Hendrix não estaria no MySpace.

eu concordo que há esse ranço do rock gaúcho, mas várias bandas já deram caras de outsiders. o que acontece, e você sabe, é que esse produto não interessa pra indústria cultural, pra representar o "rock gaúcho".

12:53 PM  
Anonymous Anônimo said...

Sempre passo por aqui esperando mais um capítulo do livro, e hoje encontro esse texto bastante interessante. Quanto à parte de trocar os terninhos por bombachas... o pensamento de que a música gaúcha é estática e atrasada é um preconceito tão limitante quanto ficar buscando referências em uma única época. Talvez isso se aplique à antiga "música de grosso", mas desde que em 1970 surgiu a Califórnia da Canção Nativa a música gaúcha vem se renovando, buscando novas referências e evoluindo. Como cantou Adair De Freitas, "hoje o amanhã não me fascina, tenho o ontem que me ensina, mas não vivo de saudade". Sei que esse assunto 'música gaúcha' provavelmente desperta pouco interesse por aqui, mas não pude deixar de esclarecer esse ponto. Realmente, os artistas e o público da música gauchesca têm certas reservas quanto a certas modificações, como usar guitarra elétrica em vez de violão, mas esses tipos de resistência cultural se vê em muitos lugares: vocês conseguem imaginar alguém tocando pandeiro e cavaquinho num show de heavy metal? Um cantor de ópera em um evento de hip-hop? Eu também não consigo imaginar um solo de guitarra numa música nativista...

11:15 PM  
Anonymous Anônimo said...

Esse agarramento aos anos 60 faz da Baloné vanguarda.

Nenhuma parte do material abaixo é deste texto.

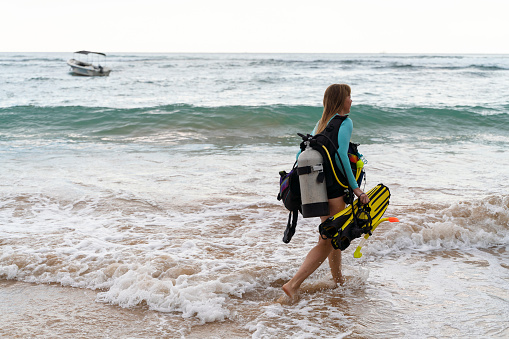 A woman carrying underwater equipment on a shore before a diving trip.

Bobagem. Tem muita banda portoalegrense que não largou os ternos, assim como tem muito bicho grilo que parece aquele japonês na ilha 30 anos depois do fim da guerra: acham que Woodstock não acabou. Mas são todos inexpressivos, com a possível exceção da Cachorro Grande. Esse papo é reducionismo preguiçoso. Tem muita banda gaúcha, morta ou viva, que faz totalmente outra linha, como Tom Bloch, Viana Moog, Walverdes, Irmãos Rocha!, Superguidis, Nenhum de Nós, Andina, Video Hits, Bidê. Engenheiros só fez essa UMA referência aos 60 e o cara já aponta: "Viram só???". Preguiça e retórica. Só concordo com uma coisa: who cares?

2:49 AM  
Anonymous Anônimo said...

Viva o rock Gayúcho!HAHAHAHA(gargalhadas gerais!).

8:03 PM  
Blogger Alexandre Lima said...

O artigo é muito pertinente nesse momento da cena "roqueira" de POA. O referêncial musical dos 60,como se diz "já deu o que tinha que dar", pois hoje no meu entender essa gurizadinha de terno, é muito mais "pose", "estética" do que música. E musicalmente dá pra fazer um trocadilho com "es(té)(tá)tico", pois simplemente o Rock em envidência em POA, e pretensamente "alternativo", é completamente vazio de outros referênciais que não só de rock, mas de outros estilos. Sem falar que outros estilos ficam completamente marginalizados, seje dos espaços da noites e dos bares, seje da mídia, que já incopora coisas tão ruins, e a única "alternativa" é esse rock gaúcho mofado e que só faz pose, sem inteligência, e sem invetividade musical. É como eu digo ironicamente para uns amigos: "POA precisa URGENTE de um de um Movimento MangueBeat", para que se instaure a DIVERSIDADE e a multiplicidade na cena músical alternativa da cidade, quem sabe assim o rock daqui não mude um pouco... Pra melhor, e que finalmente se guarde em seus devidos ármarios os ternos mofados de uma juventude roqueira mediocre.
Porto Alegre, uma metrópole brasileira culturamente mais elevada que o resto do país? Um caralho!
Invertendo a frase do Gonzaguinha que virou jingle de novela: "Eu (não)acredito é (nessa) rapaziada".

4:31 PM  
Blogger renatodias said...

Acho que a gurizada de hoje deve buscar mais no rock gaúcho do que nos Beatles e nos anos 60. Buscar suas influências na MPGaúcha, no Nativismo, no cinema, literatura, teatro gaúcho, no Internacional! O gaúcho, principalmente o portoalegrense tem mania de querer ser londrino, americano, carioca, recifense, tudo menos porto- alegrense.

4:20 PM  
Anonymous Anônimo said...

Se Chico Science fosse gaúcho, teria sido repudiado pelos roqueiros, visto como bizarrice pelos fãs de música eletrônica, ignorado pela mídia e crucificado pelo MTG.